Caitie Sheban

About
Caitie is a second-year graduate student in the School of Marine and Environmental Affairs. With a B.S. in Environmental Science from the Ohio State University and experience working as an AmeriCorps member in southeast Ohio, Caitie has roots in building community resilience through strengthening local food systems. Promoting just economic opportunities for rural communities can also restore degraded landscapes and make space for culture to thrive.
After living in Seattle for five years, Caitie came to UW to learn more about the environmental history of the Salish Sea and the native peoples that have protected the rivers and coastline that define the Pacific Northwest.
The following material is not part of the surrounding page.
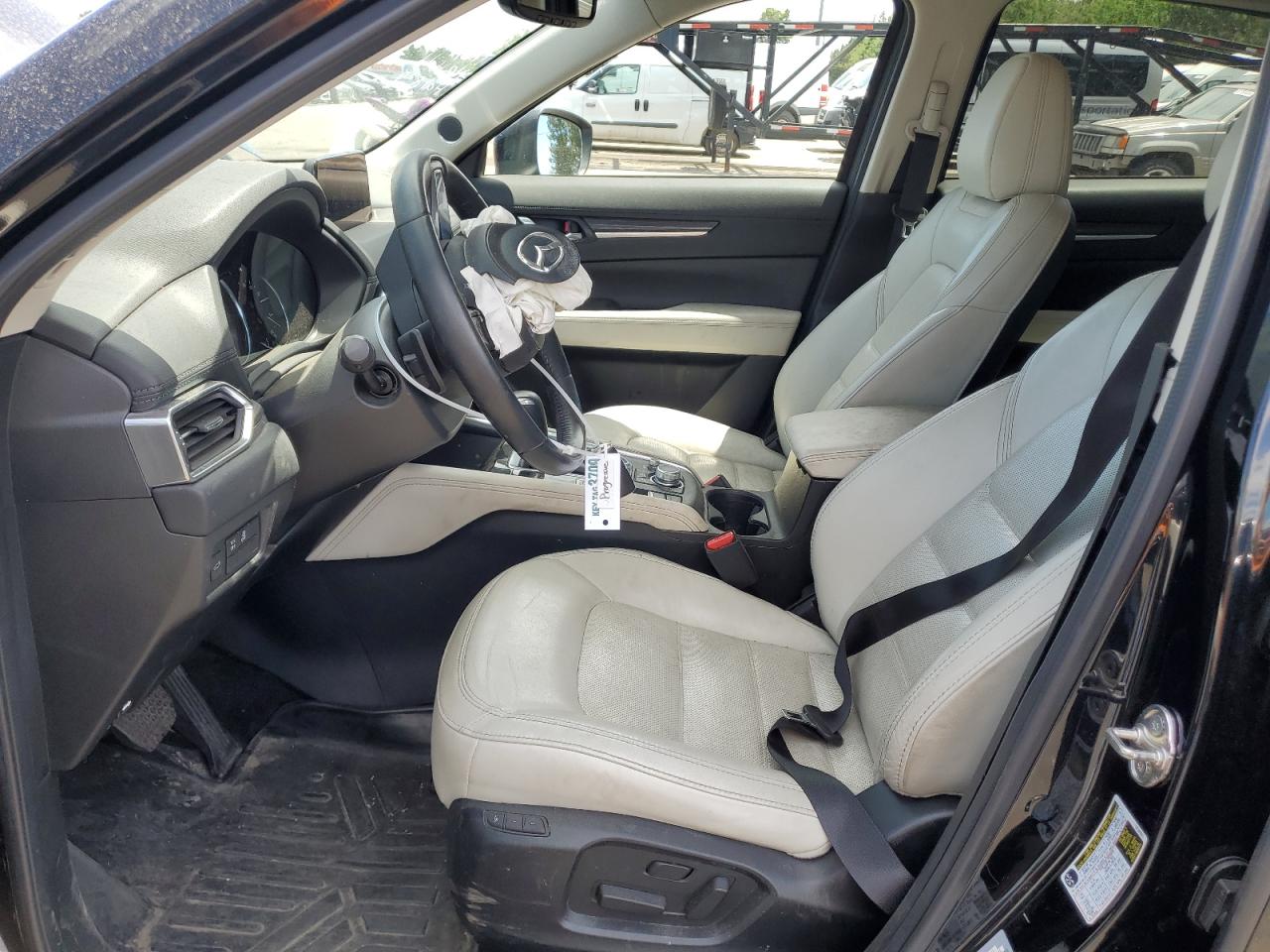 2020 Mazda Cx-5 Grand Touring VIN: JM3KFBDM9L1816663 Lot: 62497354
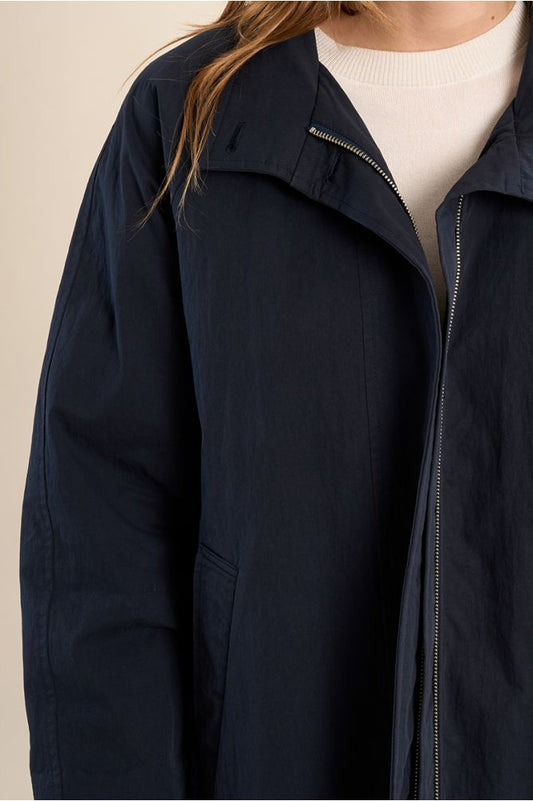 Molly Bracken Oversized Trench Coat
Learning about the colonial traumas to people, cultures, language, and land are essential to understanding our current relations and inform us how to move forward. In wanting to understand how both Western science and Traditional Ecological Knowledge inform decision making around resource management, the opportunity to study the Nuu-chah-nulth language is one Caitie is honored to have. As a non-native student, Caitie hopes to support the Tseshaht First Nation in its linguistic and cultural revitalization while learning and promoting the words, concepts, and lifeways of this region. Language is a cultural glue and reflection of how we categorize and experience the world.
Caitie currently holds an internship with Seattle City Light working with their Science Policy unit on the federal relicensing of the Skagit hydroelectric project engaging multiple stakeholders, and is working on a capstone project that connects community needs with NOAA’s ecological restoration choices along the Lower Duwamish Waterway in Seattle. Each of these projects are informing Caitie’s understanding of water policy at the city, state and federal levels, public participation in decision making, and transboundary water resource management. Sharing water resources across jurisdictions that have different cultures, standards and priorities means the quality of our relationships across borders is imperative. Caitie hopes we can improve our communications with each other and unite our common goals for the future through the waters we all share.